A method for accurate detection of genomic microdeletions using real-time quantitative PCR

Rosanna Weksberg^*¹^,2 , Simon Hughes^*³ , Laura Moldovan¹ , Anne S Bassett⁴ , Eva WC Chow⁴ and Jeremy A Squire⁵

¹Program in Genetics and Genomic Biology, The Research Institute, The Hospital for Sick Children, Toronto, Canada

²Division of Clinical and Metabolic Genetics, Department of Paediatrics, The Hospital for Sick Children, Toronto, Canada

³Queen Mary's School of Medicine and Dentistry, London, UK

⁴Clinical Genetics Research Program, Centre for Addiction and Mental Health, and Department of Psychiatry, University of Toronto, Toronto, Canada

⁵Ontario Cancer Institute and Department of Laboratory Medicine, Pathology and Medical Biophysics, University of Toronto, Toronto, Canada

author email corresponding author email* Contributed equally

BMC Genomics 2005, 6:180doi:10.1186/1471-2164-6-180


Published:	13 December 2005

Abstract

Background

Quantitative Polymerase Chain Reaction (qPCR) is a well-established method for quantifying levels of gene expression, but has not been routinely applied to the detection of constitutional copy number alterations of human genomic DNA. Microdeletions or microduplications of the human genome are associated with a variety of genetic disorders. Although, clinical laboratories routinely use fluorescence in situ hybridization (FISH) to identify such cryptic genomic alterations, there remains a significant number of individuals in which constitutional genomic imbalance is suspected, based on clinical parameters, but cannot be readily detected using current cytogenetic techniques.

Results

In this study, a novel application for real-time qPCR is presented that can be used to reproducibly detect chromosomal microdeletions and microduplications.

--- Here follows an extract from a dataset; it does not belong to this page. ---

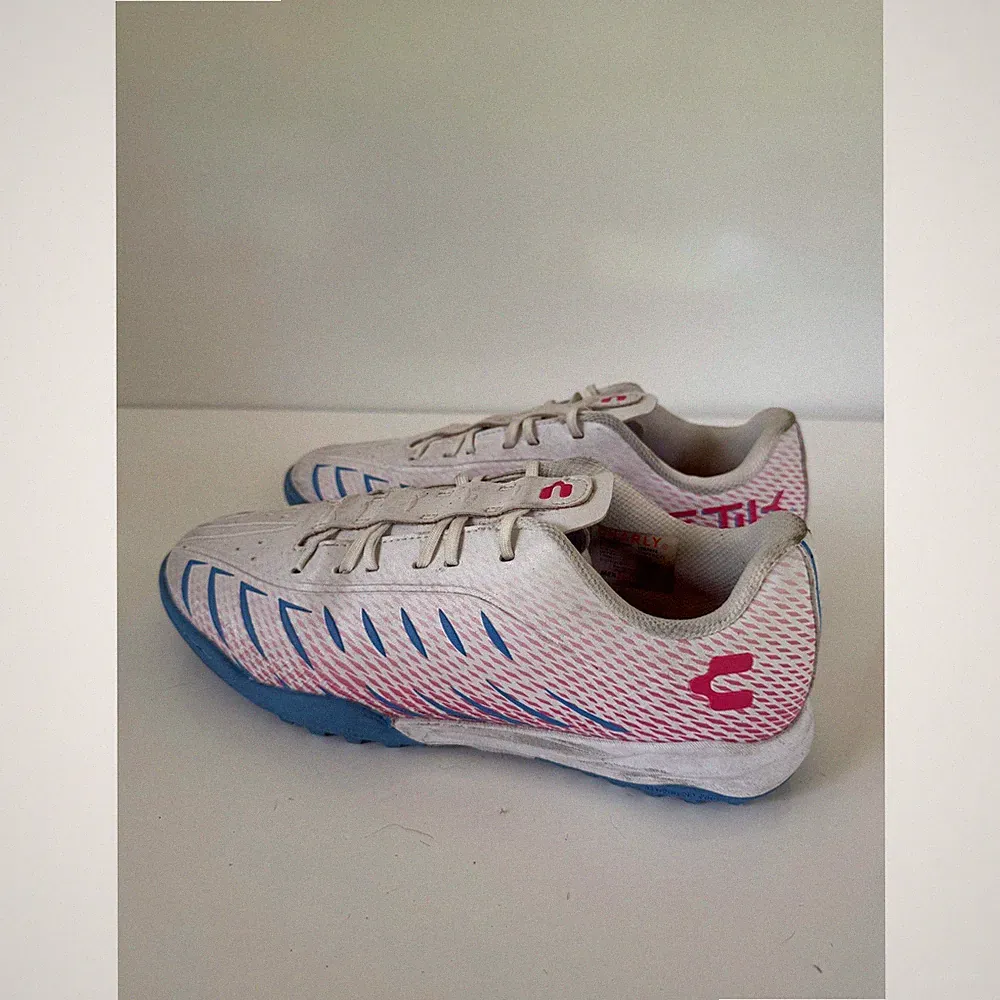 Charly Zinetik Turf Soccer Cleats Mens 7.5 White Pink Blue Hi-Trac Rubber Sole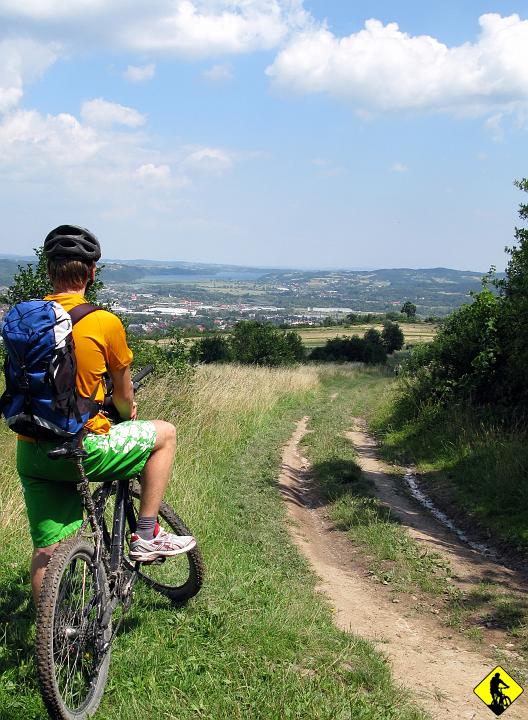 fota 091a.jpg - Nie wiadomo kiedy mijamy Babicę i zatrzymujemy się przed zjazdem do Myślenic. Jak to policyjne gwiazdy telewizji kochają mawiać "Kierowca nie dostował prędkości do panujących warunków na drodze" i doszło do kolizji jego roweru ( a dokładnie kierownicy) z kamieniami i uszkodził manetkę ( na dodatek prawą!). Jakieś fatum krąży nad moją osobą od dwóch wyjazdów.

This approach was applied to DNA from a series of patient samples and controls to validate genomic copy number alteration at cytoband 22q11. The study group comprised 12 patients with clinical symptoms of chromosome 22q11 deletion syndrome (22q11DS), 1 patient trisomic for 22q11 and 4 normal controls. 6 of the patients (group 1) had known hemizygous deletions, as detected by standard diagnostic FISH, whilst the remaining 6 patients (group 2) were classified as 22q11DS negative using the clinical FISH assay. Screening of the patients and controls with a set of 10 real time qPCR primers, spanning the 22q11.2-deleted region and flanking sequence, confirmed the FISH assay results for all patients with 100% concordance. Moreover, this qPCR enabled a refinement of the region of deletion at 22q11. Analysis of DNA from chromosome 22 trisomic sample demonstrated genomic duplication within 22q11.

Conclusion

In this paper we present a qPCR approach for the detection of chromosomal microdeletions and microduplications. The strategic use of in silico modelling for qPCR primer design to avoid regions of repetitive DNA, whilst providing a level of genomic resolution greater than standard cytogenetic assays. The implementation of qPCR detection in clinical laboratories will address the need to replace complex, expensive and time consuming FISH screening to detect genomic microdeletions or duplications of clinical importance.